(Exercise directions)
Write out exactly the lines from the one containing "2 vagasQuarto 2" through the last line of the records below, and no others.

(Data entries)
^^^^^^^^
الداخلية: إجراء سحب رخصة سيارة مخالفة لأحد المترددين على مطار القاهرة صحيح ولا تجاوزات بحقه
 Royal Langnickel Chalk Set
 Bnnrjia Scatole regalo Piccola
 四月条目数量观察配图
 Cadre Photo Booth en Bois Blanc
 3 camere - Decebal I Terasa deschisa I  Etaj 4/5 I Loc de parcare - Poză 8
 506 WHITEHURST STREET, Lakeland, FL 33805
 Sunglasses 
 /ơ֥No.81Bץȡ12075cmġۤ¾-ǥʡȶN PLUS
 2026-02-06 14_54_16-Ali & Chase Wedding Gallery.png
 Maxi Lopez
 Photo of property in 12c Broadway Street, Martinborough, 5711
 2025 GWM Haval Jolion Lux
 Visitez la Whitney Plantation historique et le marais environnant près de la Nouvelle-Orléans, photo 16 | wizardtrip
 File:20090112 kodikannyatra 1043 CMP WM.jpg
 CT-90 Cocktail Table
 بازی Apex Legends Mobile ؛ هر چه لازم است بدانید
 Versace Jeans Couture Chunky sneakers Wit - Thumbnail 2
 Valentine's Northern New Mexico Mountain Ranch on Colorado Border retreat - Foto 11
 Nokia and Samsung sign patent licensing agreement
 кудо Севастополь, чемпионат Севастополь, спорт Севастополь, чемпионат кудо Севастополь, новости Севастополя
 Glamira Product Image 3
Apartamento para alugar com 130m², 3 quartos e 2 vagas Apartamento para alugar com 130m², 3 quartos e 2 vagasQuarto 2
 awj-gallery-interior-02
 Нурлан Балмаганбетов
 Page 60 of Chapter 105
^^^^^^^^
(Response)
Apartamento para alugar com 130m², 3 quartos e 2 vagas Apartamento para alugar com 130m², 3 quartos e 2 vagasQuarto 2
 awj-gallery-interior-02
 Нурлан Балмаганбетов
 Page 60 of Chapter 105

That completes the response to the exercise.